Nel manifesto si legge una scritta grande “Chi mangi oggi?” e poi sotto:
Gli animali non sono cose. Quando li mangi o li sfrutti, mangi qualcuno. Non qualcosa. Diventa vegan.
Non c’è alcun dubbio sul fatto che l’associazione per il veganesimo sia riuscita nell’intento, perché il manifesto ha già suscitato molte polemiche, tra cui quelle della Confederazione Italiana Agricoltori di Cuneo:
A giudicare da certe campagne pubblicitarie, la dieta vegana fa male anche al cervello.

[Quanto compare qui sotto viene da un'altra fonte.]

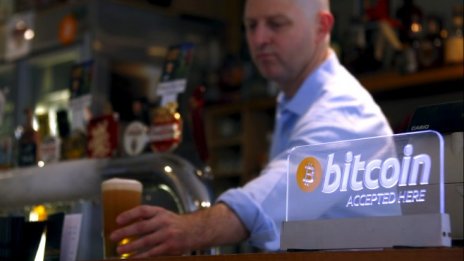 Цената на Биткойн падна под 7000 долара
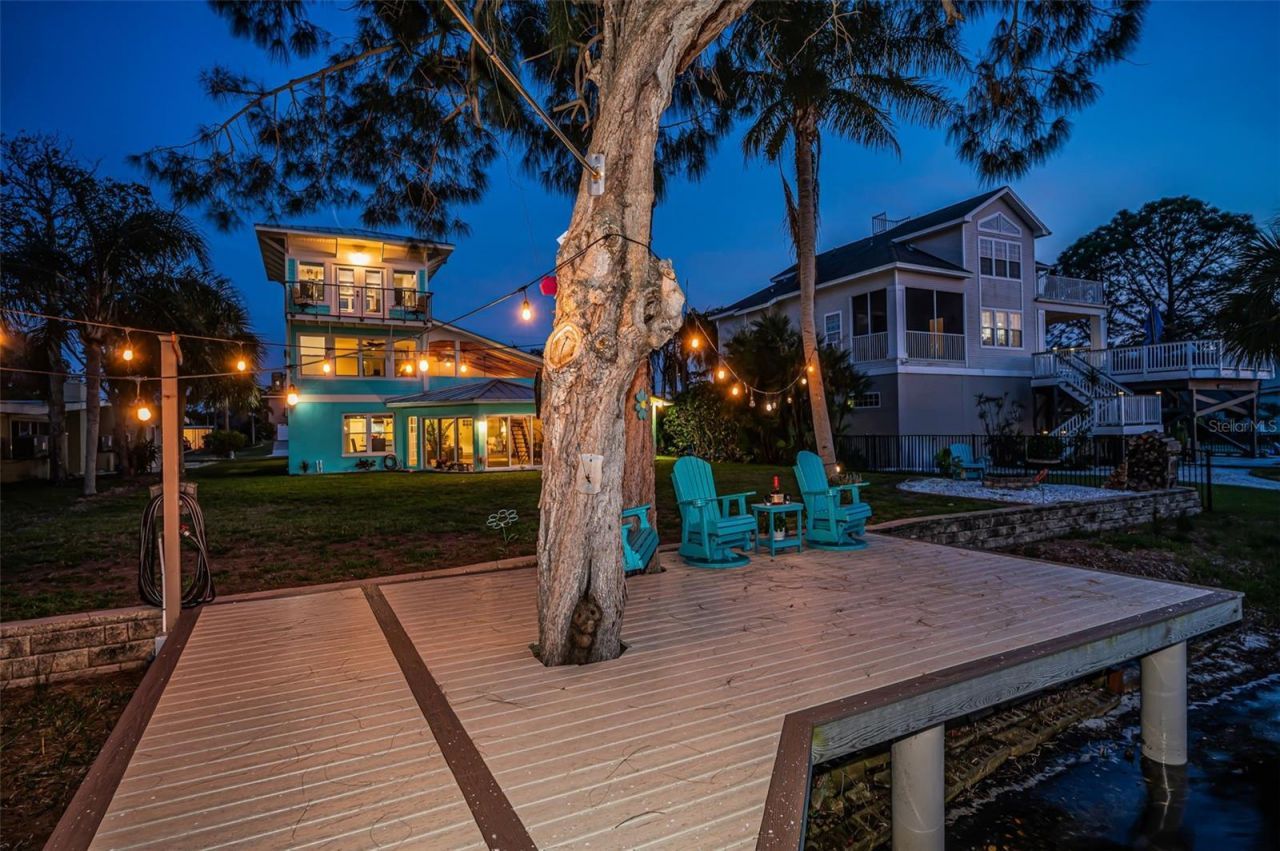 1626 Sea Breeze Drive, Tarpon Springs, FL 34689 Photo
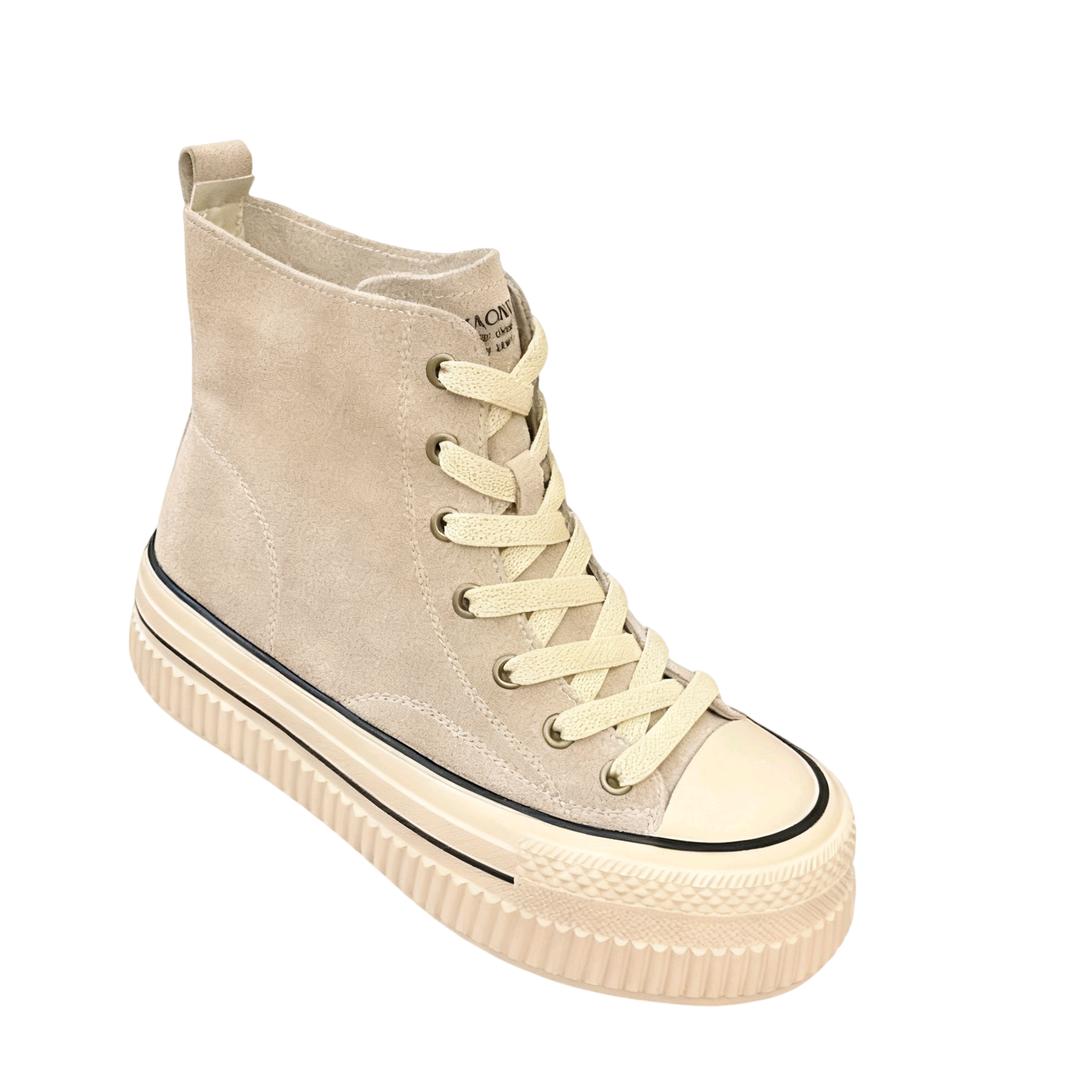 小白鞋羽马丁靴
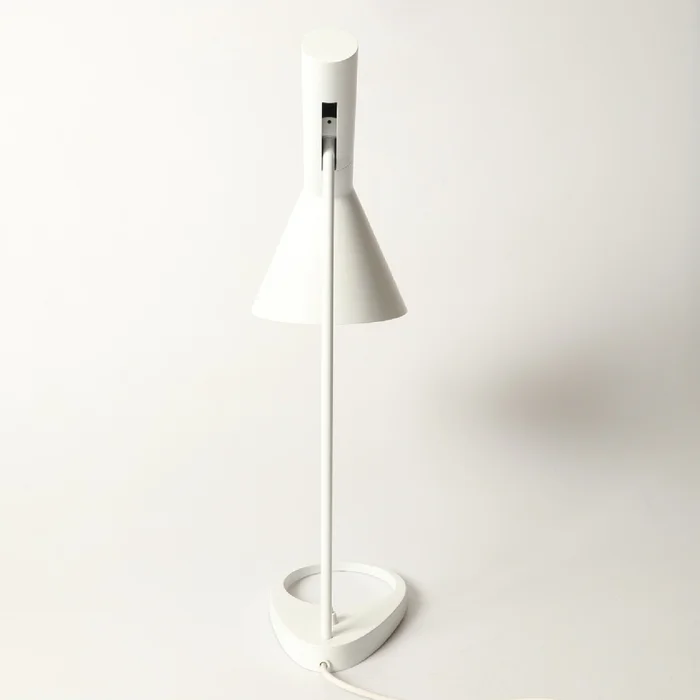 Luminaria de Mesa Jetson Blanca en Blanco - Lámparas de mesa, Uruguay | Serlux, vista 6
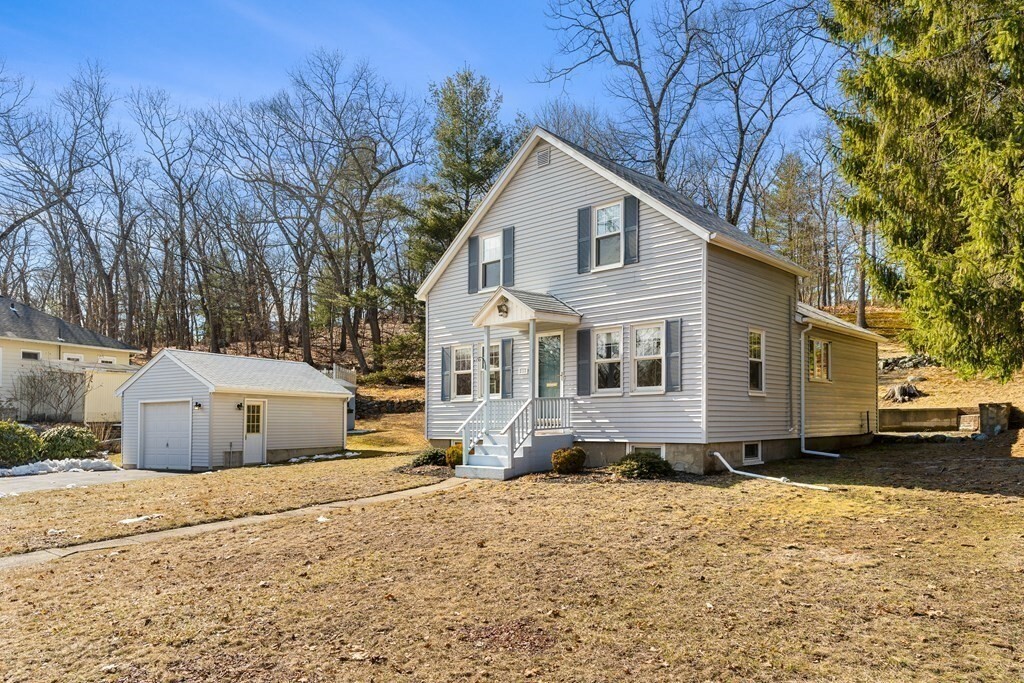 Property Photo:  15 Longwood Road  MA 01867 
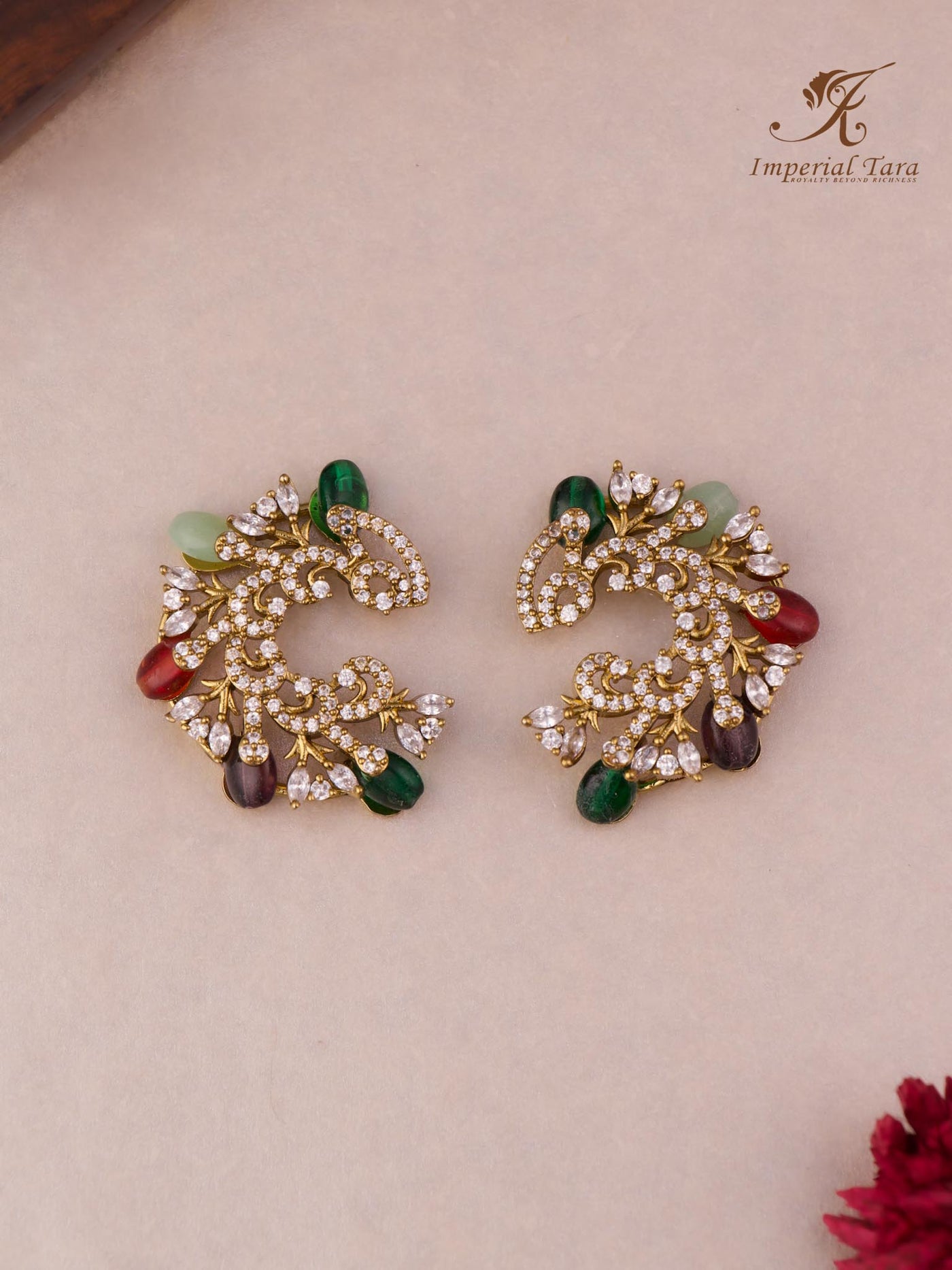 Vera Stud Earrings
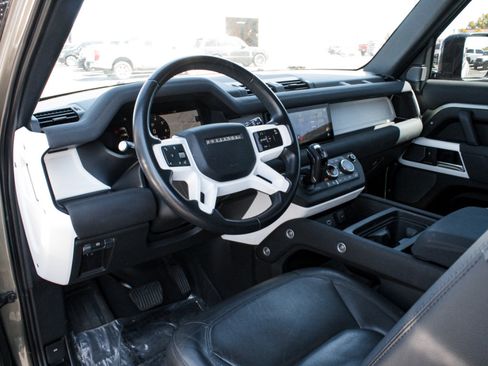 Used 2023 Land Rover Defender 90 S AWD/4WD image 8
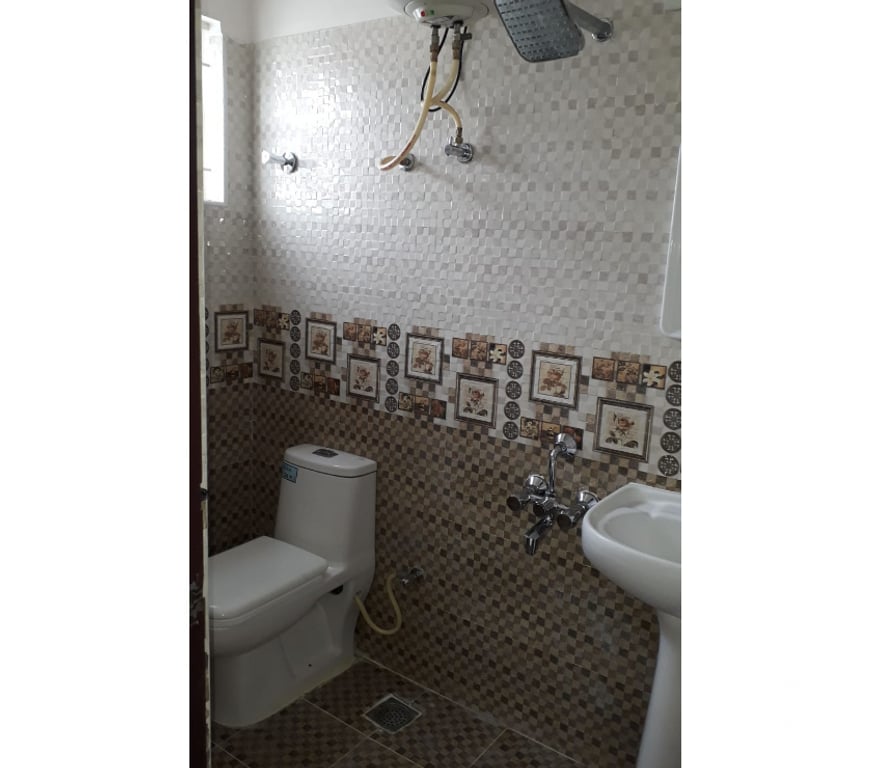 Houses & Flats for sale Bangalore - Photos for Tenanted Building for Sale at Ejipura nr to Inner Ring Road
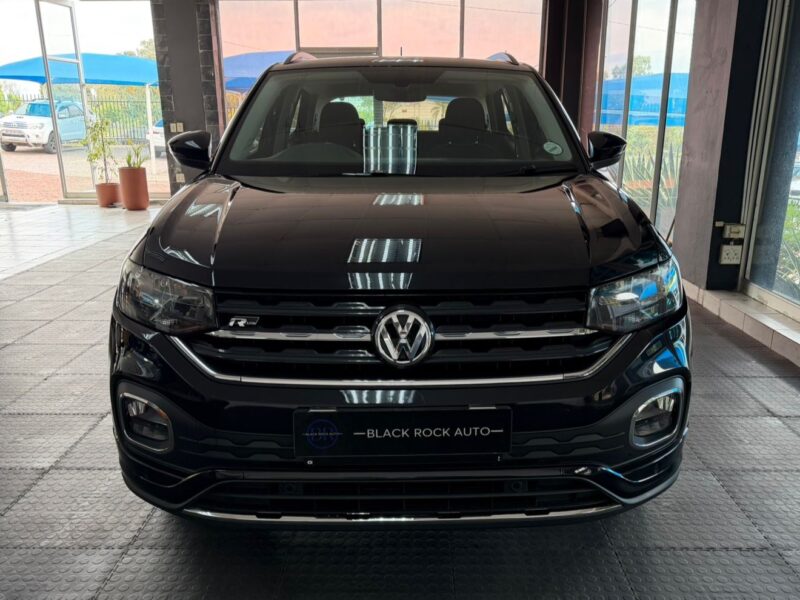 
								Volkswagen T-Cross 2020 full									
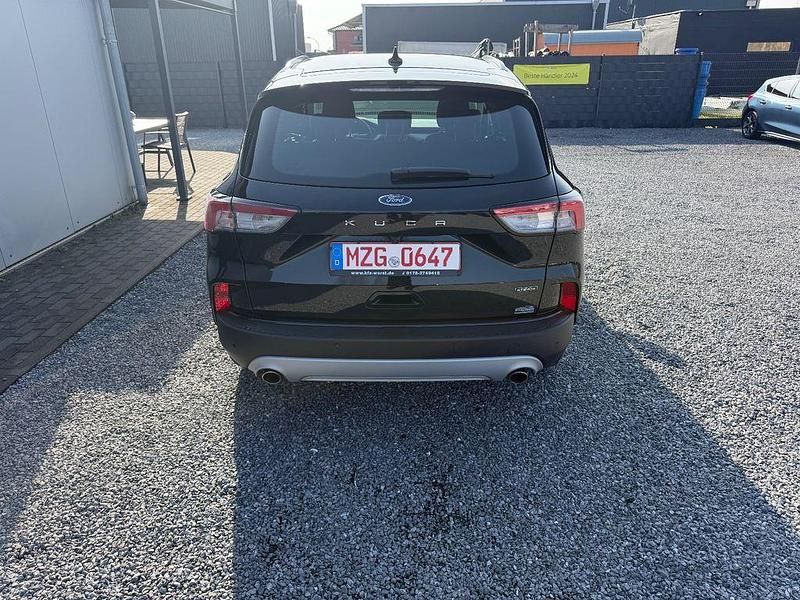 Gebraucht Ford Kuga Titanium 152 PS (111 kW) 2022 Schwarz SUV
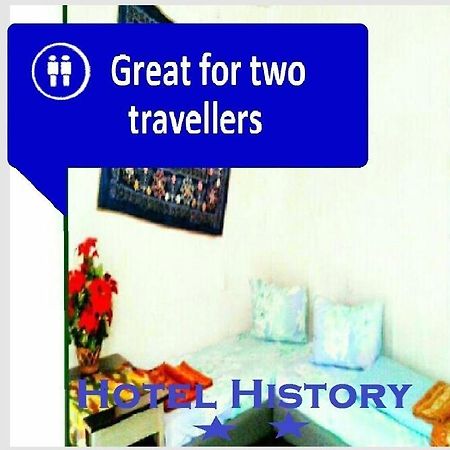 מלון בוקורו History מראה חיצוני תמונה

Il messaggio è forte, perché il bambolotto ha le fattezze di un bebè talmente verosimili da essere inquietante, ma dall’associazione dichiarano:
Il nostro intento come ideatori della pubblicità “Chi mangi oggi?” era esattamente questo. Riteniamo interessante dal punto di vista antropologico evidenziare che la fotografia di un bambolotto rappresentante le fattezze di un bambino umano smembrato e impacchettato, suscita generalmente indignazione e disgusto, mentre le continue e quotidiane pubblicità raffiguranti i corpi degli animali non umani smembrati e impacchettati in varie modalità non provocano lo stesso disgusto, anzi al contrario paiono universalmente accettate.
Ma intanto a Grossetto la polemica è andata ben oltre, con l’intervento del Garante dei Minori. Il garante della Toscana Grazia Sestini ha dichiarato in una nota:
Al di là dello sconcerto che l’immagine di un bambino-bambolotto confezionato come prodotto alimentare possa provocare nella sensibilità delle persone, qui siamo in presenza di una palese violazione di principi fondamentali e pur in assenza di una legge che limiti e punisca campagne di questo tipo, non possiamo accettare che atti così gravi rimangano totalmente impuniti. In assenza di una legge in materia siamo costretti a ricorrere ai codici di autodisciplina. Documenti la cui sottoscrizione è volontaria ma che dovrebbero diventare vincolanti. Il manifesto non è solo una offesa al comune senso del pudore ma viola palesemente i diritti umani, perché pur rappresentando una bambola, e quindi una cosa fittizia, l’immagine è talmente somigliante al reale che può indurre confusione.